We caught up with two outstanding alumnae of the Drake University School of Education graduate programs to learn about how they continue to use tools from their Drake education to create innovative, forward-looking classrooms.
Yolanda Christiansen and Jeanine Lynch, both currently teaching in the Johnston school district, have been recognized for their work while in graduate school and also in their own classrooms.
Christiansen, a seventh grade math and science teacher at Summit Middle School, graduated in December 2010 with a Master of Science in Special Education. She received an Outstanding Graduate Student award that same year.
Christiansen says her graduate work has helped her better appreciate some already familiar education tools, such as assessment of test scores and student learning habits.
“As a young teacher, I didn't understand the core role of assessment and how to utilize data to modify instruction,” Christiansen said. “After completing my program at Drake, I feel confident in the fact that I can motivate students and teach them how to challenge themselves. I have learned to better understand and utilize these assessment tools.”
Christiansen began her teaching career in 1998. She taught at-risk sixth-eighth graders in Cedar Rapids, junior high special education in Kentucky, eighth grade math and language arts, and elementary special education before her current position as a math and science teacher.
“I earned my master's degree further in my teaching career than most,” she said. “I came into the program with diverse experiences which helped me understand most of the concepts and strategies presented in class. This only enhanced my graduate school experience.”
One of the challenges the graduate students face as both full-time teachers and students is balancing obligations. Christiansen felt the graduate program at Drake specifically structured their programs to help graduate students manage the balance between schoolwork, career, family and daily tasks.
“All the professors were very willing to help students manage conflicts such as parent teacher conferences,” she said. “They would create online class opportunities or assignments to solve some of the time conflicts. Drake made it easier for us to excel both in our careers and in our roles as students.”

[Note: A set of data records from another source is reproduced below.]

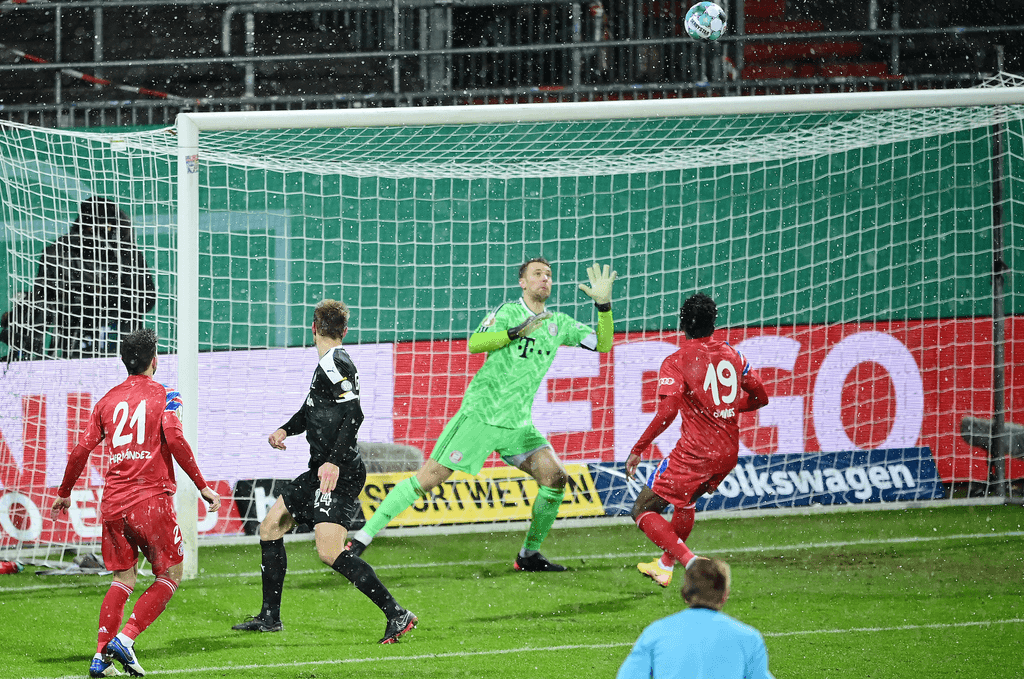 Hauke Wahl trifft gegen Bayern München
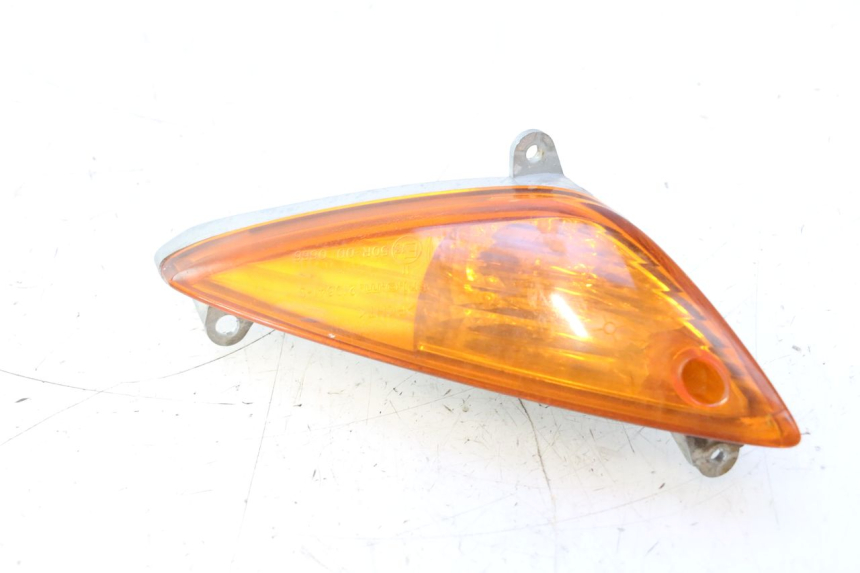 photo de CLIGNOTANT AVANT GAUCHE HONDA SH 125 (2001 - 2003) - Détail de la pièce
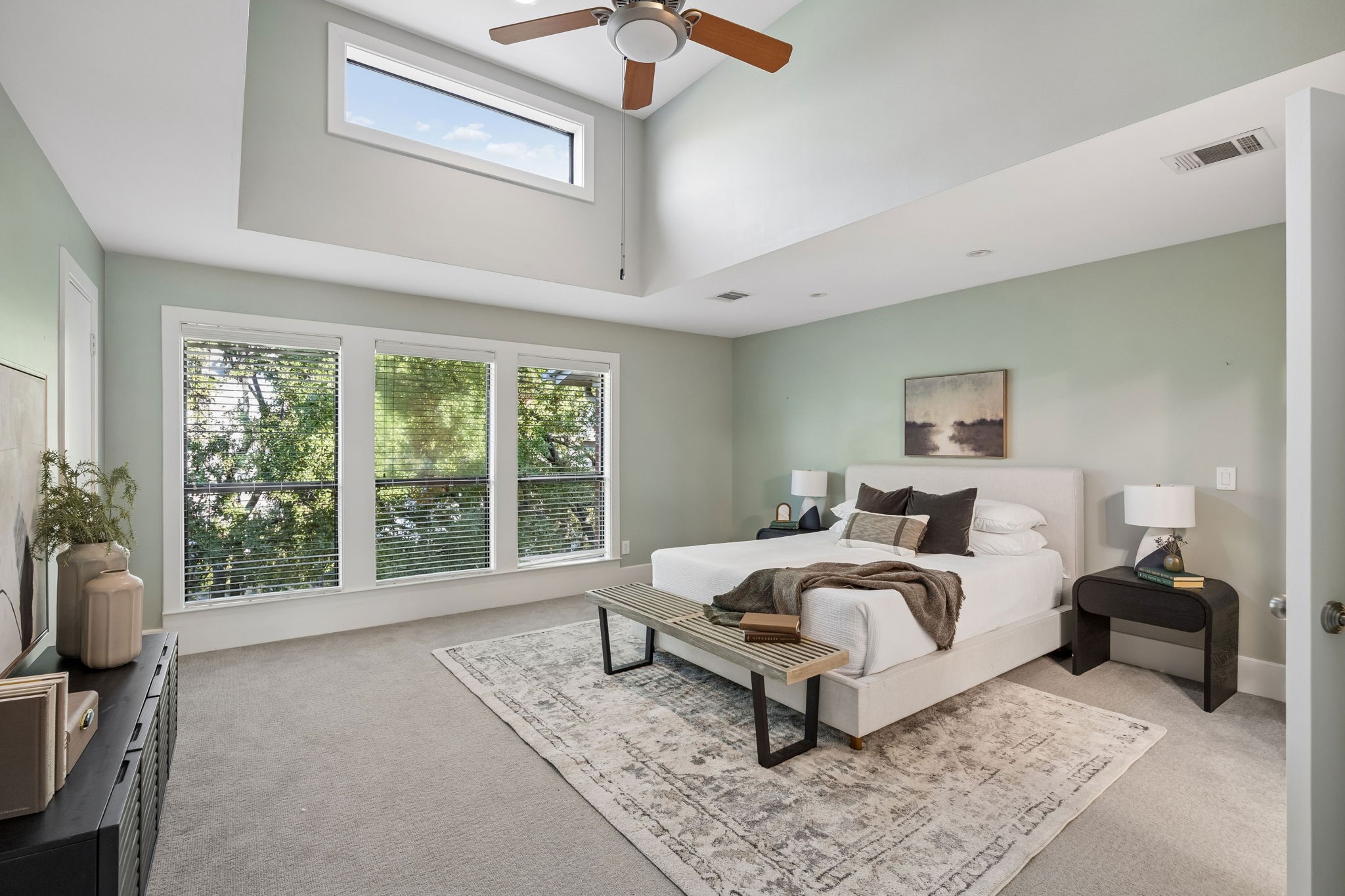 2606 Shelby Avenue 102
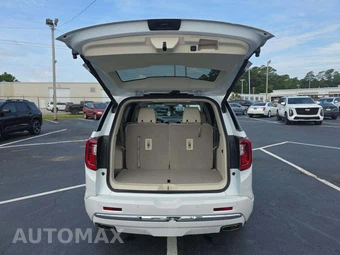 2023 GMC Acadia Denali 5SA - miniatura 12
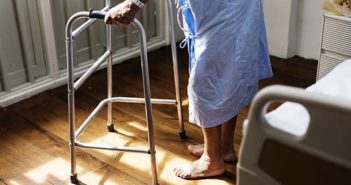 4 Great Advantages of Using a Home Care Service for Elderly Parents Elderly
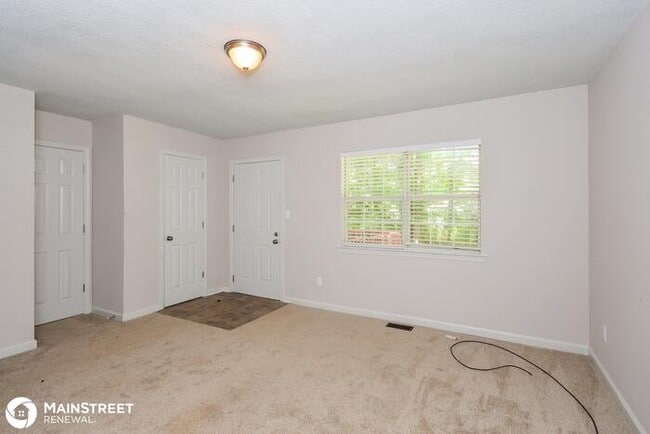 Building Photo - 103 Club Circle, Stockbridge, GA 30281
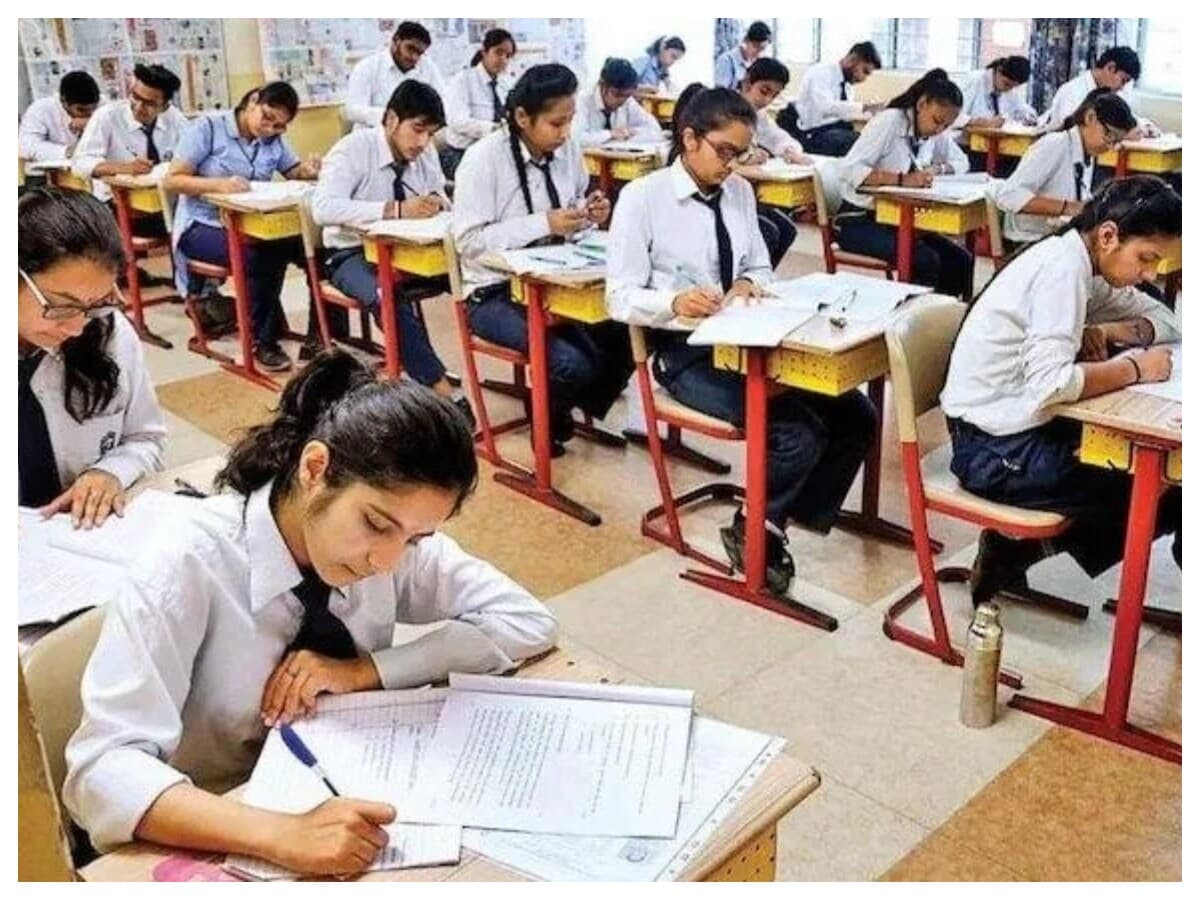 సీబీఎస్ఈ పదో తరగతి రెండో విడత పరీక్షల షెడ్యూల్ విడుదల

Jeanine Lynch, a second grade teacher at Lawson Elementary in Johnston, graduated in 1988 with a Master of Science in education in the Effective Teaching, Learning and Leadership program. She also received the Outstanding Alumna award for her thesis work on elementary students and creative writing.
"I think a master’s degree is a critical step for all educators," Lynch said. "We must be life long learners. We must stay current and we must stay informed of what are best practices for our students
Lynch is one of three recipients recently highlighted in The Des Moines Register as this year's Johnston Educators of the year award winners.
Lynch went through the Effective Teaching program in its first year.
"In a way, we were guinea pigs working through how the program could be the most effective," she said. "We were given the freedom to make choices, to draw our own pathways in our research. It was scary and it was exciting. I think that helped me realize how important choices and ownership are in learning even for our youngest students."